§ WORK TASK: The result is the exact lines from the one containing "logo Dr HOUSE IMMO TREGOR" through the final line of the entries; leave out the pictures.

[Extracted records]
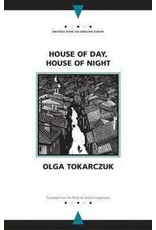 TOKARCZUK Olga House of day, house of night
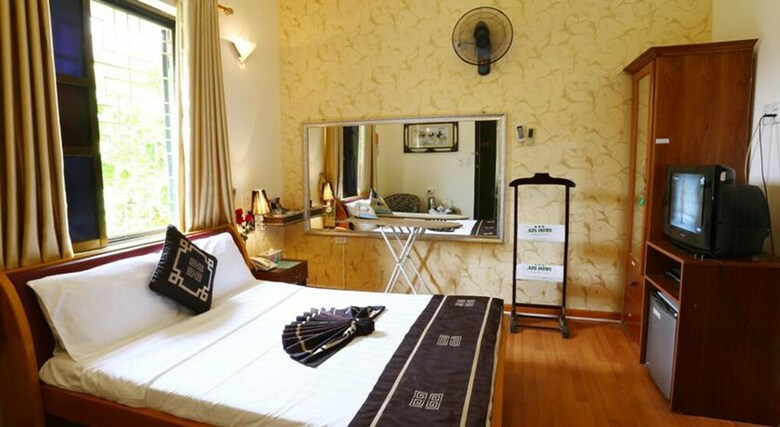 A25 Hotel - Hoang Quoc Viet
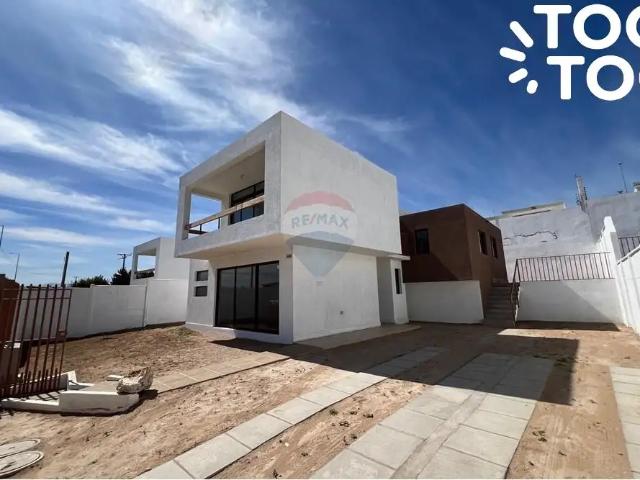 Casa en Coquimbo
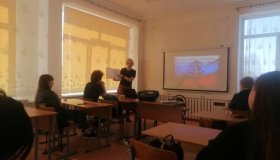Всероссийская акция "Неделя без турникетов"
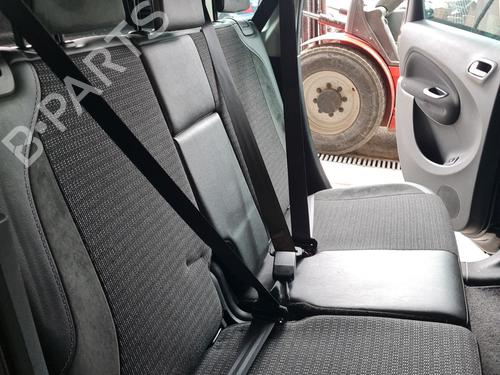 Right front driveshaft CITROËN C3 Picasso (SH_) 1.6 BlueHDi 100 | BP28570960M39  - Image 12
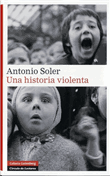 Una historia violenta. 9788415472933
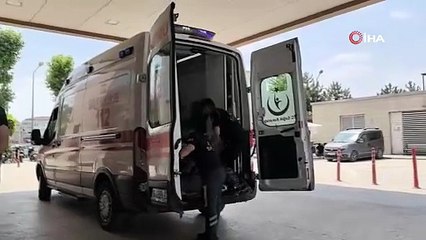 İş kazası can aldı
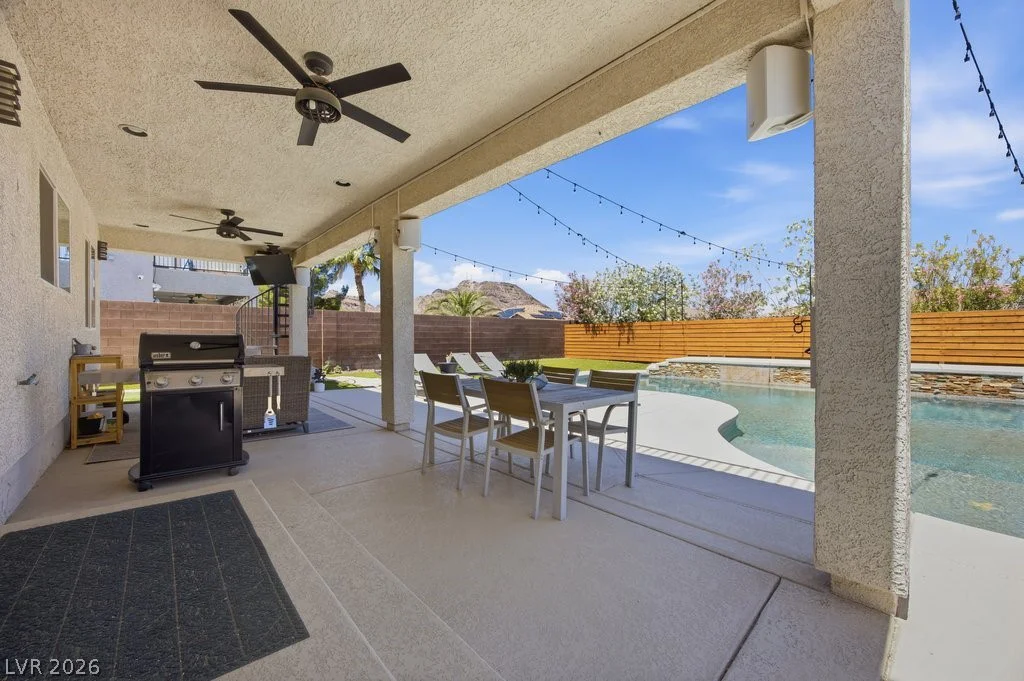 30 Precipice, Henderson, NV 89002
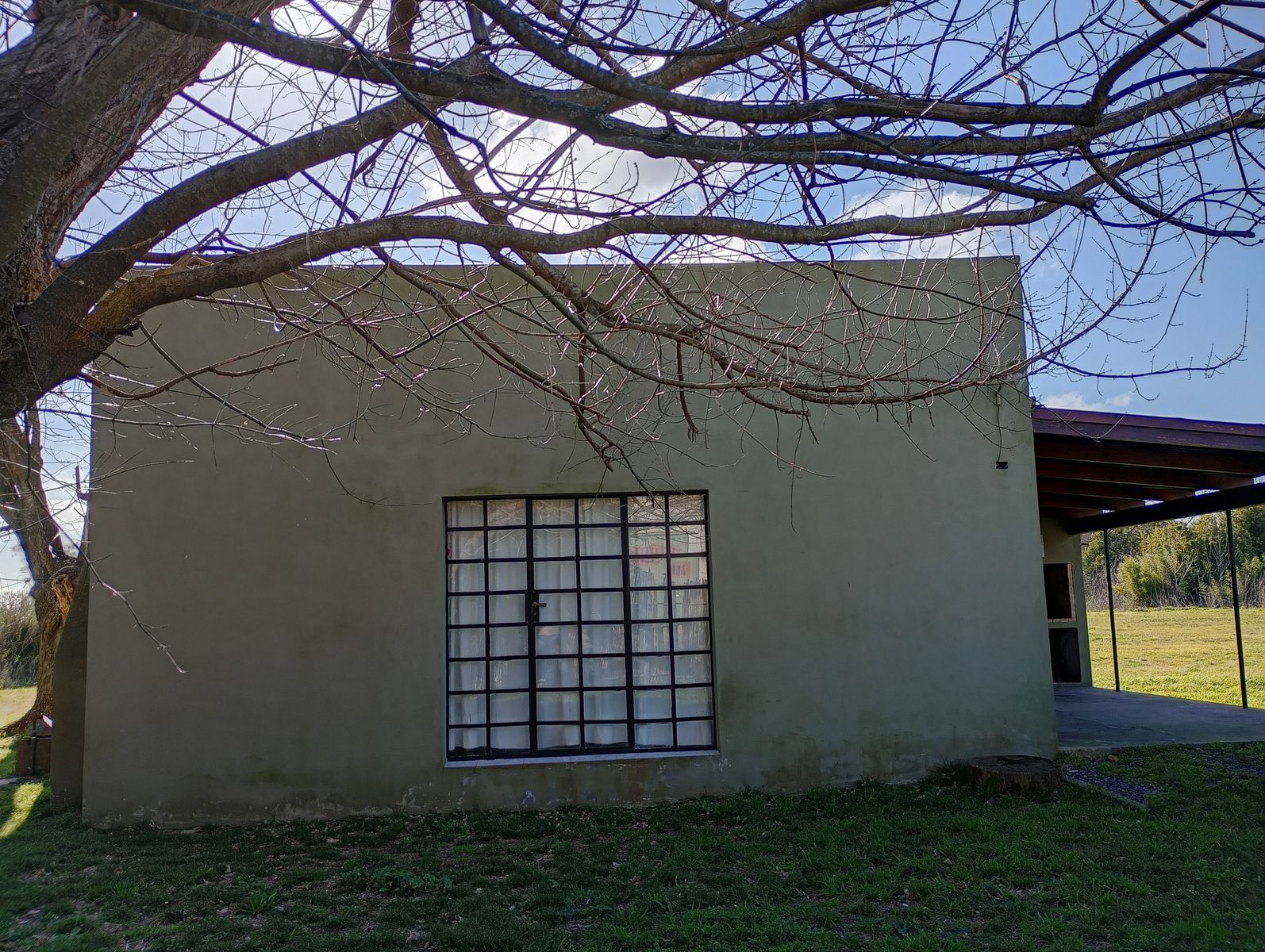 Quinta de descanso con amplias dimensiones y entorno tranquilo — foto 6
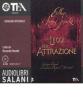 La legge dell'attrazione. Ediz. integrale. Audiolibro. 6 CD Audio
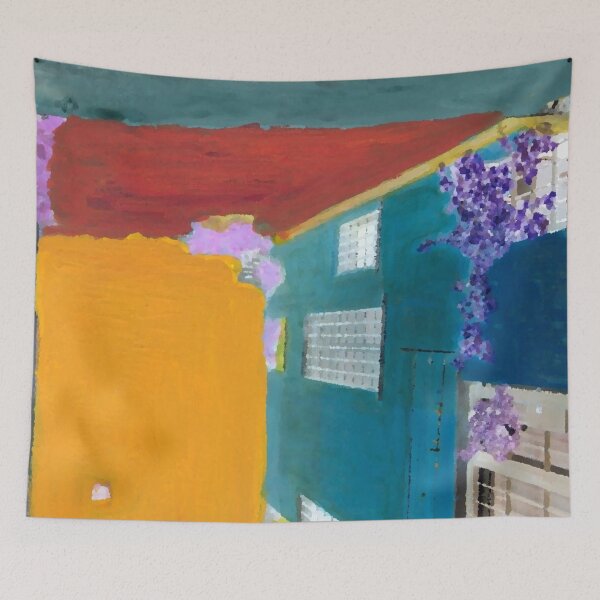 Item preview, The light's colors designed and sold by patriziaroppo.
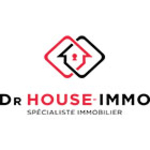 logo Dr HOUSE IMMO TREGOR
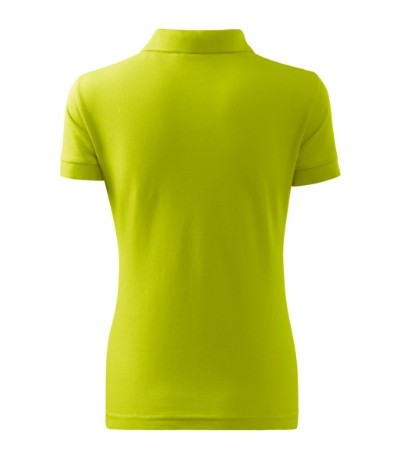 Koszulka polo damska Cotton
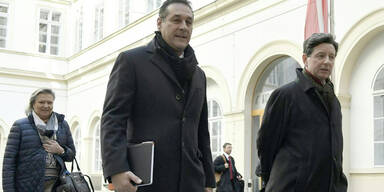 FP&Ouml;: Klubdirektor Nemeth verzichtet auf Mandat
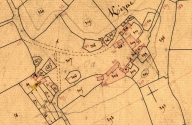Hameau, Kerizac (Scrignac)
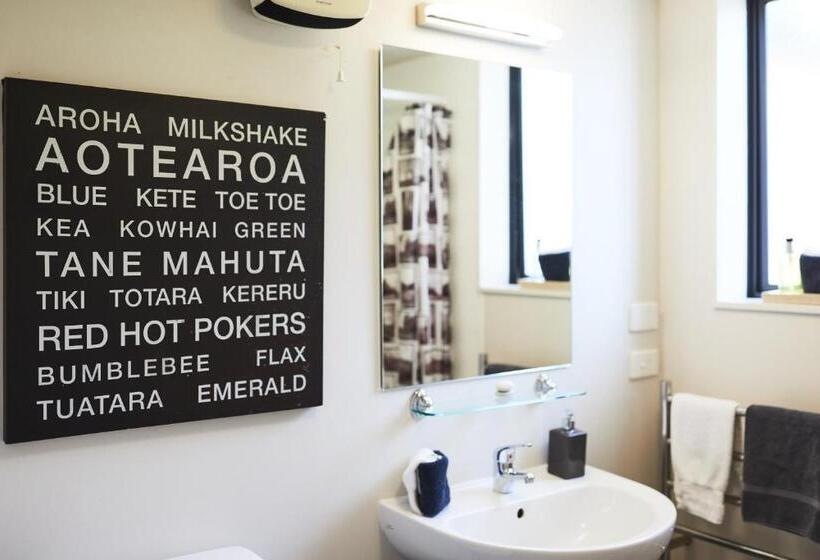 חדר סטודיו סטנדרד, Blenheim Palms Motel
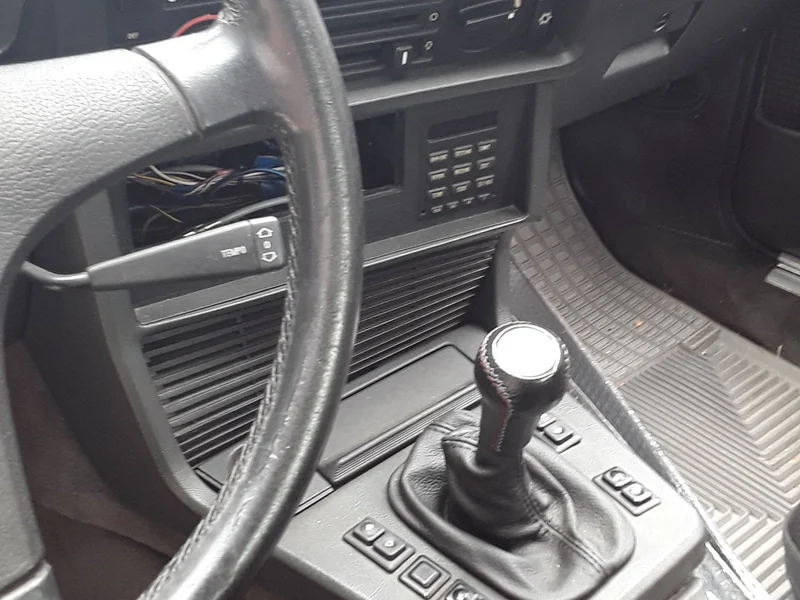 1985 BMW 635CSi in Hempstead 12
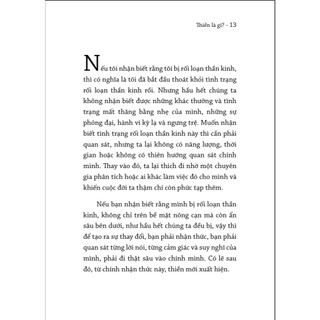 Sách - Thiền là gì? - J. Krishnamurti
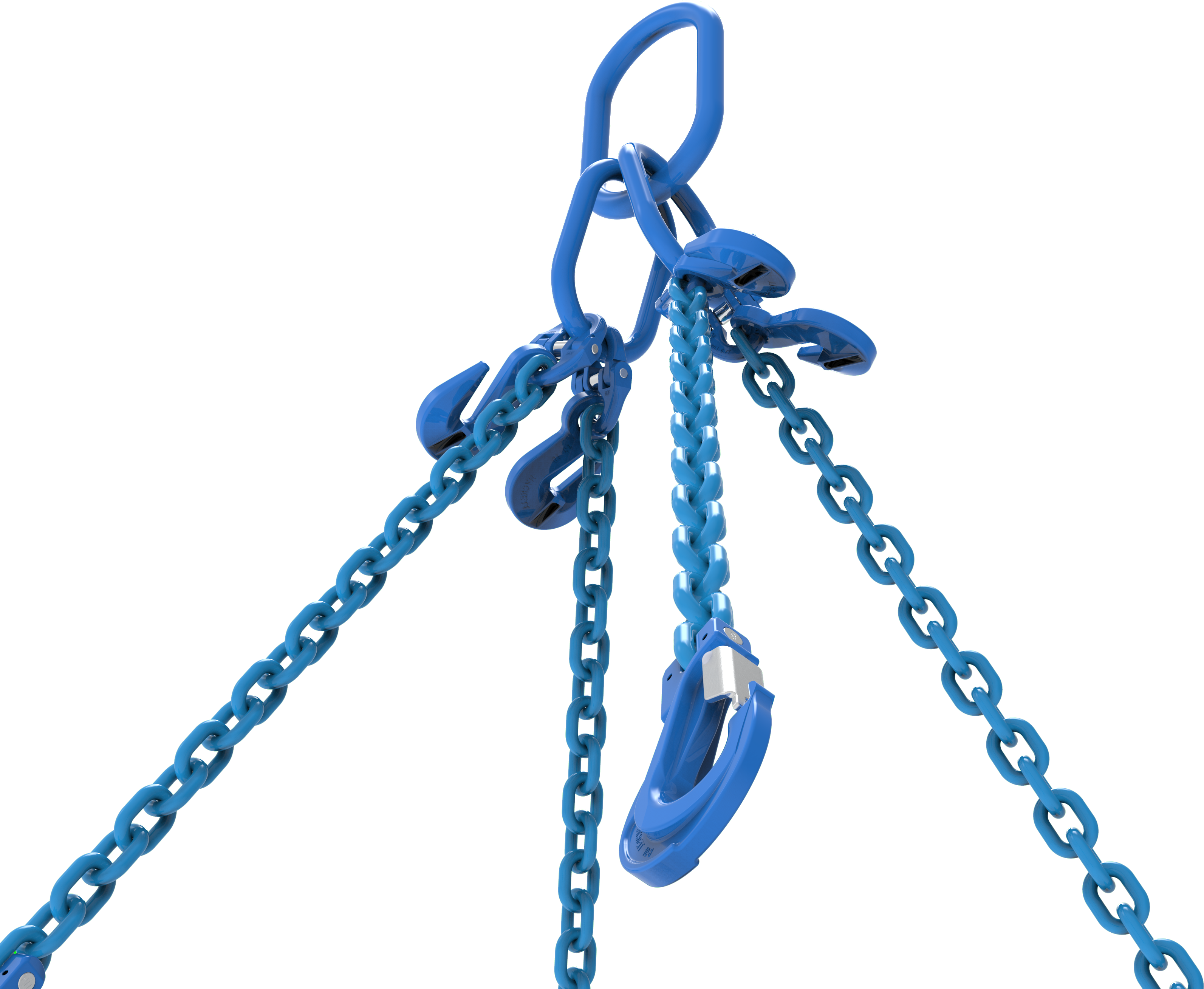 4 Top Questions About Lifting Chains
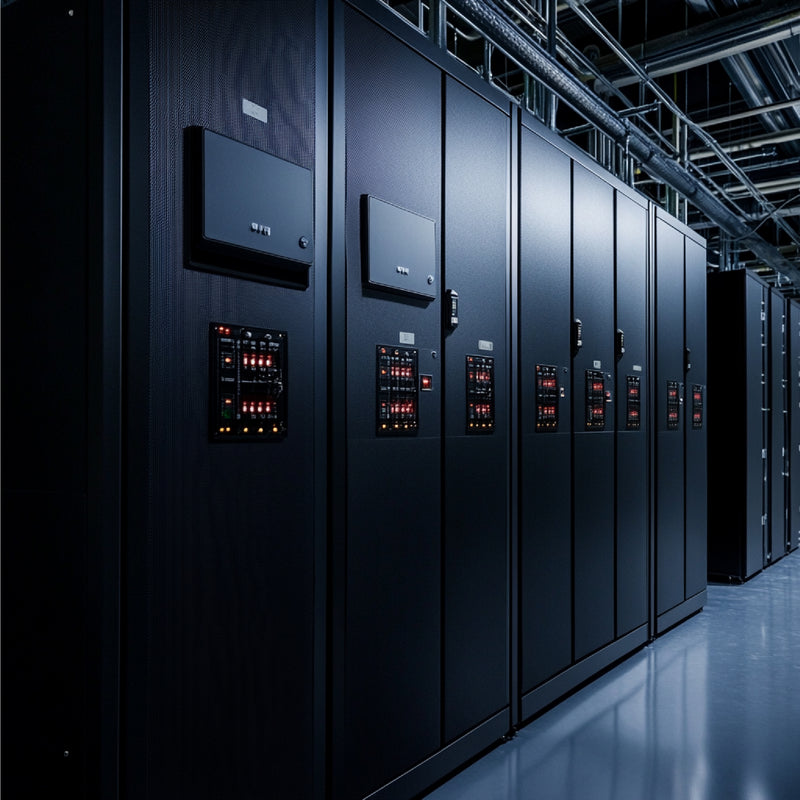 Data Center & Enterprise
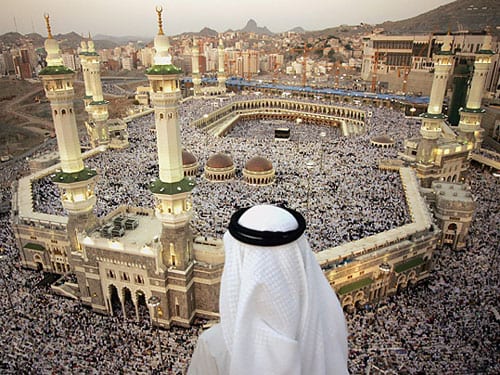 hajj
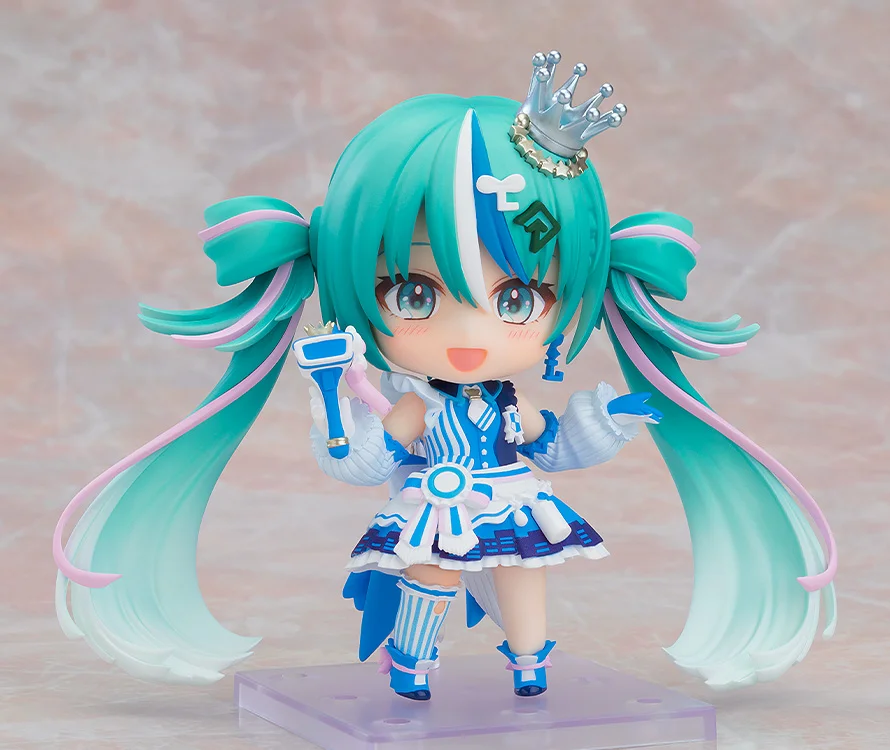 Nendoroid 2959: Hatsune Miku - Lawson 50th Anniversary Special LIVE Ver.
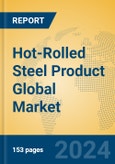 Hot-Rolled Steel Product Global Market Insights 2024, Analysis and Forecast to 2029, by Manufacturers, Regions, Technology, Application, Product Type- Product Image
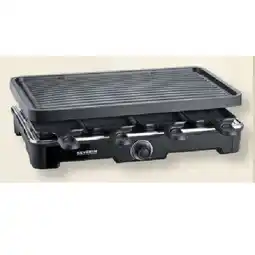 MPreis Severin Raclette RG MPREIS Angebot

§ ANSWER FOR THIS EXERCISE:
 logo Dr HOUSE IMMO TREGOR
 Koszulka polo damska Cotton
 FP&Ouml;: Klubdirektor Nemeth verzichtet auf Mandat
Hameau, Kerizac (Scrignac)
 חדר סטודיו סטנדרד, Blenheim Palms Motel
 1985 BMW 635CSi in Hempstead 12
 Sách - Thiền là gì? - J. Krishnamurti
 4 Top Questions About Lifting Chains
 Data Center & Enterprise
 hajj
 Nendoroid 2959: Hatsune Miku - Lawson 50th Anniversary Special LIVE Ver.
 Hot-Rolled Steel Product Global Market Insights 2024, Analysis and Forecast to 2029, by Manufacturers, Regions, Technology, Application, Product Type- Product Image
 MPreis Severin Raclette RG MPREIS Angebot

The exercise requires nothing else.